__Exercise prompt__. Character for character, give back every line below.

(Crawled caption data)

________________________________________

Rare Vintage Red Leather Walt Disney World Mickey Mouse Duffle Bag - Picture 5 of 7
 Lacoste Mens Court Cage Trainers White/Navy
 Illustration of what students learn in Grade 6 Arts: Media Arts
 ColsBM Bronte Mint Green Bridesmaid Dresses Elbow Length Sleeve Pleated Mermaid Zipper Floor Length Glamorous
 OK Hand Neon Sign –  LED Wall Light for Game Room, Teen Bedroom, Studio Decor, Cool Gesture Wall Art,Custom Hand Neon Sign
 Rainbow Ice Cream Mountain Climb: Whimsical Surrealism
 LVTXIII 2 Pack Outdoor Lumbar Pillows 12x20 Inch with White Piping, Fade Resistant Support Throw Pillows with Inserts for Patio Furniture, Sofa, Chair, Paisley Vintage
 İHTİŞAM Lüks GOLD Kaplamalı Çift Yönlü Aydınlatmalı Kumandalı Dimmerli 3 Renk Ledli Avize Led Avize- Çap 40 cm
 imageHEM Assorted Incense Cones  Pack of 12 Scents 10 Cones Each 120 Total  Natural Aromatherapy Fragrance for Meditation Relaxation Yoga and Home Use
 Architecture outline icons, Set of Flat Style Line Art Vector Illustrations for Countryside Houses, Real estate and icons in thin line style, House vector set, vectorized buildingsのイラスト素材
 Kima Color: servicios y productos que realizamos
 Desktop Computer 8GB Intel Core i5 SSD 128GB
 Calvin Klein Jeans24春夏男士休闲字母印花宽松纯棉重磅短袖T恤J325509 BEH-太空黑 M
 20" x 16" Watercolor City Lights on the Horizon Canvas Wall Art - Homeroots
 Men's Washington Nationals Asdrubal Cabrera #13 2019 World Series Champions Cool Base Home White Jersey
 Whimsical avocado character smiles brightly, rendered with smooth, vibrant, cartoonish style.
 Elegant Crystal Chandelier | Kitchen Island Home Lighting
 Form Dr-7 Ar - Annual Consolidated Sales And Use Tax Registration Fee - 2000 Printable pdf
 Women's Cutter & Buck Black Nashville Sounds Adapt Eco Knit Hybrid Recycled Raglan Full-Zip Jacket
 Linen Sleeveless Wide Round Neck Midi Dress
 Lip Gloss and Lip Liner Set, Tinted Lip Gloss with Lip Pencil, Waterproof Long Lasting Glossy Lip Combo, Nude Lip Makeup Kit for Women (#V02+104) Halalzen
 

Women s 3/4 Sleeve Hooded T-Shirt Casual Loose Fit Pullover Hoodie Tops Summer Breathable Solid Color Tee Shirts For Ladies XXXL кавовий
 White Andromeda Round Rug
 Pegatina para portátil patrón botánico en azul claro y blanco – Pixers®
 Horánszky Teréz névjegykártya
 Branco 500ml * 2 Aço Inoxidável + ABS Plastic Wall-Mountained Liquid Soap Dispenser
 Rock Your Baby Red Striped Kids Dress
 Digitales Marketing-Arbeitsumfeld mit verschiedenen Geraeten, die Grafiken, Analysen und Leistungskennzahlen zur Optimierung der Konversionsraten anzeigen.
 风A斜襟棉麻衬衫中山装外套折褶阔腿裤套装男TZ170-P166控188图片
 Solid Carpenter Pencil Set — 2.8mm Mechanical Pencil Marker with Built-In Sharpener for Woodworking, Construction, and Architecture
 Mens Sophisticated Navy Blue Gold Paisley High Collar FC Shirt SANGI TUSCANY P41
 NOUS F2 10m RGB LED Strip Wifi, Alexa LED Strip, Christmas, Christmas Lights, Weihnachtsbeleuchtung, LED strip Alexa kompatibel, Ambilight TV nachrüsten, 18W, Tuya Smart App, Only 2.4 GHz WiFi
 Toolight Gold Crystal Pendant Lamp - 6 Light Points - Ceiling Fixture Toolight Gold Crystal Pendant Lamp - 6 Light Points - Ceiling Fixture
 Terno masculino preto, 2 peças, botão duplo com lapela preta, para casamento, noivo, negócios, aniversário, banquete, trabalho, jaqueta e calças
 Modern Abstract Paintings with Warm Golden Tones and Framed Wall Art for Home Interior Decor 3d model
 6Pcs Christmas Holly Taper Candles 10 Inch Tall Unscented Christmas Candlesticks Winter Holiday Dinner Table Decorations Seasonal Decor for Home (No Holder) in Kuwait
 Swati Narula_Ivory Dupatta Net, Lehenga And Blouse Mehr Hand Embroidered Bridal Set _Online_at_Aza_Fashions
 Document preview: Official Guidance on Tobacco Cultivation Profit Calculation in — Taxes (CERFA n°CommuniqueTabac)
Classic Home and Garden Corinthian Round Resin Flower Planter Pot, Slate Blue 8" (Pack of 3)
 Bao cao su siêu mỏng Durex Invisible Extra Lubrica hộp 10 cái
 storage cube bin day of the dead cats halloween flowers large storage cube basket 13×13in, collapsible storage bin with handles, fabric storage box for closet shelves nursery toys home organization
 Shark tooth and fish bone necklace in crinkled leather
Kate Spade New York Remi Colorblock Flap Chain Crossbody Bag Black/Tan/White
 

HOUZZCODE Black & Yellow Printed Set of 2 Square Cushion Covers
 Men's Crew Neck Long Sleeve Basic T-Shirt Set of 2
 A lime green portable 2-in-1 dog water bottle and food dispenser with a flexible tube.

________________________________________

__Your solution__.
Rare Vintage Red Leather Walt Disney World Mickey Mouse Duffle Bag - Picture 5 of 7
 Lacoste Mens Court Cage Trainers White/Navy
 Illustration of what students learn in Grade 6 Arts: Media Arts
 ColsBM Bronte Mint Green Bridesmaid Dresses Elbow Length Sleeve Pleated Mermaid Zipper Floor Length Glamorous
 OK Hand Neon Sign –  LED Wall Light for Game Room, Teen Bedroom, Studio Decor, Cool Gesture Wall Art,Custom Hand Neon Sign
 Rainbow Ice Cream Mountain Climb: Whimsical Surrealism
 LVTXIII 2 Pack Outdoor Lumbar Pillows 12x20 Inch with White Piping, Fade Resistant Support Throw Pillows with Inserts for Patio Furniture, Sofa, Chair, Paisley Vintage
 İHTİŞAM Lüks GOLD Kaplamalı Çift Yönlü Aydınlatmalı Kumandalı Dimmerli 3 Renk Ledli Avize Led Avize- Çap 40 cm
 imageHEM Assorted Incense Cones  Pack of 12 Scents 10 Cones Each 120 Total  Natural Aromatherapy Fragrance for Meditation Relaxation Yoga and Home Use
 Architecture outline icons, Set of Flat Style Line Art Vector Illustrations for Countryside Houses, Real estate and icons in thin line style, House vector set, vectorized buildingsのイラスト素材
 Kima Color: servicios y productos que realizamos
 Desktop Computer 8GB Intel Core i5 SSD 128GB
 Calvin Klein Jeans24春夏男士休闲字母印花宽松纯棉重磅短袖T恤J325509 BEH-太空黑 M
 20" x 16" Watercolor City Lights on the Horizon Canvas Wall Art - Homeroots
 Men's Washington Nationals Asdrubal Cabrera #13 2019 World Series Champions Cool Base Home White Jersey
 Whimsical avocado character smiles brightly, rendered with smooth, vibrant, cartoonish style.
 Elegant Crystal Chandelier | Kitchen Island Home Lighting
 Form Dr-7 Ar - Annual Consolidated Sales And Use Tax Registration Fee - 2000 Printable pdf
 Women's Cutter & Buck Black Nashville Sounds Adapt Eco Knit Hybrid Recycled Raglan Full-Zip Jacket
 Linen Sleeveless Wide Round Neck Midi Dress
 Lip Gloss and Lip Liner Set, Tinted Lip Gloss with Lip Pencil, Waterproof Long Lasting Glossy Lip Combo, Nude Lip Makeup Kit for Women (#V02+104) Halalzen
 

Women s 3/4 Sleeve Hooded T-Shirt Casual Loose Fit Pullover Hoodie Tops Summer Breathable Solid Color Tee Shirts For Ladies XXXL кавовий
 White Andromeda Round Rug
 Pegatina para portátil patrón botánico en azul claro y blanco – Pixers®
 Horánszky Teréz névjegykártya
 Branco 500ml * 2 Aço Inoxidável + ABS Plastic Wall-Mountained Liquid Soap Dispenser
 Rock Your Baby Red Striped Kids Dress
 Digitales Marketing-Arbeitsumfeld mit verschiedenen Geraeten, die Grafiken, Analysen und Leistungskennzahlen zur Optimierung der Konversionsraten anzeigen.
 风A斜襟棉麻衬衫中山装外套折褶阔腿裤套装男TZ170-P166控188图片
 Solid Carpenter Pencil Set — 2.8mm Mechanical Pencil Marker with Built-In Sharpener for Woodworking, Construction, and Architecture
 Mens Sophisticated Navy Blue Gold Paisley High Collar FC Shirt SANGI TUSCANY P41
 NOUS F2 10m RGB LED Strip Wifi, Alexa LED Strip, Christmas, Christmas Lights, Weihnachtsbeleuchtung, LED strip Alexa kompatibel, Ambilight TV nachrüsten, 18W, Tuya Smart App, Only 2.4 GHz WiFi
 Toolight Gold Crystal Pendant Lamp - 6 Light Points - Ceiling Fixture Toolight Gold Crystal Pendant Lamp - 6 Light Points - Ceiling Fixture
 Terno masculino preto, 2 peças, botão duplo com lapela preta, para casamento, noivo, negócios, aniversário, banquete, trabalho, jaqueta e calças
 Modern Abstract Paintings with Warm Golden Tones and Framed Wall Art for Home Interior Decor 3d model
 6Pcs Christmas Holly Taper Candles 10 Inch Tall Unscented Christmas Candlesticks Winter Holiday Dinner Table Decorations Seasonal Decor for Home (No Holder) in Kuwait
 Swati Narula_Ivory Dupatta Net, Lehenga And Blouse Mehr Hand Embroidered Bridal Set _Online_at_Aza_Fashions
 Document preview: Official Guidance on Tobacco Cultivation Profit Calculation in — Taxes (CERFA n°CommuniqueTabac)
Classic Home and Garden Corinthian Round Resin Flower Planter Pot, Slate Blue 8" (Pack of 3)
 Bao cao su siêu mỏng Durex Invisible Extra Lubrica hộp 10 cái
 storage cube bin day of the dead cats halloween flowers large storage cube basket 13×13in, collapsible storage bin with handles, fabric storage box for closet shelves nursery toys home organization
 Shark tooth and fish bone necklace in crinkled leather
Kate Spade New York Remi Colorblock Flap Chain Crossbody Bag Black/Tan/White
 

HOUZZCODE Black & Yellow Printed Set of 2 Square Cushion Covers
 Men's Crew Neck Long Sleeve Basic T-Shirt Set of 2
 A lime green portable 2-in-1 dog water bottle and food dispenser with a flexible tube.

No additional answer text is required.